Work to complete - Write out the lines from the top of the material through the line with "Kandiny Hombre Camiseta", exactly and with nothing added.

***

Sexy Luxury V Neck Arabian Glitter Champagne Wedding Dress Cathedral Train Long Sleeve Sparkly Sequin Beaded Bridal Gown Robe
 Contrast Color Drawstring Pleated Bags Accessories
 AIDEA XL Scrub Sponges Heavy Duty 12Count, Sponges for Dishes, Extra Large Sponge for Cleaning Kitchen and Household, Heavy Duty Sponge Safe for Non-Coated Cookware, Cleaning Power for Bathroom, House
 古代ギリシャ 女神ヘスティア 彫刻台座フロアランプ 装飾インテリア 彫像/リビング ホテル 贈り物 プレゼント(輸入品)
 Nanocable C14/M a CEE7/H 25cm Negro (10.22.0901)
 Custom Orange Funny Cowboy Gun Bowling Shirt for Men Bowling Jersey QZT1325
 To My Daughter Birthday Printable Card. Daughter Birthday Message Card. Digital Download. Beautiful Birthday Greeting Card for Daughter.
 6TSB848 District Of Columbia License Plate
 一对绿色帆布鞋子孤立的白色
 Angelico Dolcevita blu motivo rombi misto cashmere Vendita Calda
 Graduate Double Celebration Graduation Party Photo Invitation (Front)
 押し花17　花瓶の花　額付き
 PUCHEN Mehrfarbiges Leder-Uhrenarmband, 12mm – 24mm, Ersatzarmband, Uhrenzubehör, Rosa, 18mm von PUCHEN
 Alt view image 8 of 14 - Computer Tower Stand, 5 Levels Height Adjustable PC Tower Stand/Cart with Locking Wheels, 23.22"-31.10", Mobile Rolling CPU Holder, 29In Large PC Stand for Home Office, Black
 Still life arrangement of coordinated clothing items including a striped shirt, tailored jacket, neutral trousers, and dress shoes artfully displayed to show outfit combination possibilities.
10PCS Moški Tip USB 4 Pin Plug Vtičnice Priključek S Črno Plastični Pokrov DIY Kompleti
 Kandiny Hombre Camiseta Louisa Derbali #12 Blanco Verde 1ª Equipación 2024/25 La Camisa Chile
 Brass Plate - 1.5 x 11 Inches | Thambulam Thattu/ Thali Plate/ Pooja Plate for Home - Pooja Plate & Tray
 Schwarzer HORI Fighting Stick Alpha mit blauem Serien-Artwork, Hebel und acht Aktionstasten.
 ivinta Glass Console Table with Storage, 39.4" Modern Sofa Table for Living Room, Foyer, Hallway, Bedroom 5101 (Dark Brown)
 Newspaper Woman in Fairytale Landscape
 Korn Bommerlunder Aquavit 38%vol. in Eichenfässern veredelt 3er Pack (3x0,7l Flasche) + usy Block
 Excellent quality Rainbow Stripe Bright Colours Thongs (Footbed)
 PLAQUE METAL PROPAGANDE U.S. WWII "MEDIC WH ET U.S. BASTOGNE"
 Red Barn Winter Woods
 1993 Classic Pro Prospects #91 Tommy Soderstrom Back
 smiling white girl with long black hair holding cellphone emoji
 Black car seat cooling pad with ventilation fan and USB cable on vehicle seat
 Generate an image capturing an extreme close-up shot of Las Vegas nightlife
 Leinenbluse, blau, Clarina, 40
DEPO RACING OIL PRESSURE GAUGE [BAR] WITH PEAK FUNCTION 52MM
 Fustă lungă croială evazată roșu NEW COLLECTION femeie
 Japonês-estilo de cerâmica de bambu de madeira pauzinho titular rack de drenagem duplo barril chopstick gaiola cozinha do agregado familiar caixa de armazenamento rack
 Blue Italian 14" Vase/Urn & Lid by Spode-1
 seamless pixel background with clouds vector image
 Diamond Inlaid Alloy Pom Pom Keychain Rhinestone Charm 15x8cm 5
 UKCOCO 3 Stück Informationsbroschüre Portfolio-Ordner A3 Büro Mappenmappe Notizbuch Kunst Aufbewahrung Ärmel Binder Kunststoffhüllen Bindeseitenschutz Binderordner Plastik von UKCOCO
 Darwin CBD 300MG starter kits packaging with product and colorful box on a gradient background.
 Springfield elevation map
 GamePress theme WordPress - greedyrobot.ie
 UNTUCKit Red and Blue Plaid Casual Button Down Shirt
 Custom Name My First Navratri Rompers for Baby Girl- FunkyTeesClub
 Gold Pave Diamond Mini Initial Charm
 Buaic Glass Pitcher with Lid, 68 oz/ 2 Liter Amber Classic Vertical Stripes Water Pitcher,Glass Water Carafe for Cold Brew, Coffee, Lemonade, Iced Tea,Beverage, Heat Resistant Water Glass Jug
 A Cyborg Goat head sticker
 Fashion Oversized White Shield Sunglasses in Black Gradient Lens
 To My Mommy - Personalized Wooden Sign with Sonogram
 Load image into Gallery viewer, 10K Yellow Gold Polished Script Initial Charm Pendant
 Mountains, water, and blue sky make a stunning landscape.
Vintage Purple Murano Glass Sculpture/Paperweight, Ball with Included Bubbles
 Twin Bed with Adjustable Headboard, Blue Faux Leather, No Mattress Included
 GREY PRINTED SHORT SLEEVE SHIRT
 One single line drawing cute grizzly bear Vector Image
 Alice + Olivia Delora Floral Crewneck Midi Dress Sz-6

***

Response box -
Sexy Luxury V Neck Arabian Glitter Champagne Wedding Dress Cathedral Train Long Sleeve Sparkly Sequin Beaded Bridal Gown Robe
 Contrast Color Drawstring Pleated Bags Accessories
 AIDEA XL Scrub Sponges Heavy Duty 12Count, Sponges for Dishes, Extra Large Sponge for Cleaning Kitchen and Household, Heavy Duty Sponge Safe for Non-Coated Cookware, Cleaning Power for Bathroom, House
 古代ギリシャ 女神ヘスティア 彫刻台座フロアランプ 装飾インテリア 彫像/リビング ホテル 贈り物 プレゼント(輸入品)
 Nanocable C14/M a CEE7/H 25cm Negro (10.22.0901)
 Custom Orange Funny Cowboy Gun Bowling Shirt for Men Bowling Jersey QZT1325
 To My Daughter Birthday Printable Card. Daughter Birthday Message Card. Digital Download. Beautiful Birthday Greeting Card for Daughter.
 6TSB848 District Of Columbia License Plate
 一对绿色帆布鞋子孤立的白色
 Angelico Dolcevita blu motivo rombi misto cashmere Vendita Calda
 Graduate Double Celebration Graduation Party Photo Invitation (Front)
 押し花17　花瓶の花　額付き
 PUCHEN Mehrfarbiges Leder-Uhrenarmband, 12mm – 24mm, Ersatzarmband, Uhrenzubehör, Rosa, 18mm von PUCHEN
 Alt view image 8 of 14 - Computer Tower Stand, 5 Levels Height Adjustable PC Tower Stand/Cart with Locking Wheels, 23.22"-31.10", Mobile Rolling CPU Holder, 29In Large PC Stand for Home Office, Black
 Still life arrangement of coordinated clothing items including a striped shirt, tailored jacket, neutral trousers, and dress shoes artfully displayed to show outfit combination possibilities.
10PCS Moški Tip USB 4 Pin Plug Vtičnice Priključek S Črno Plastični Pokrov DIY Kompleti
 Kandiny Hombre Camiseta Louisa Derbali #12 Blanco Verde 1ª Equipación 2024/25 La Camisa Chile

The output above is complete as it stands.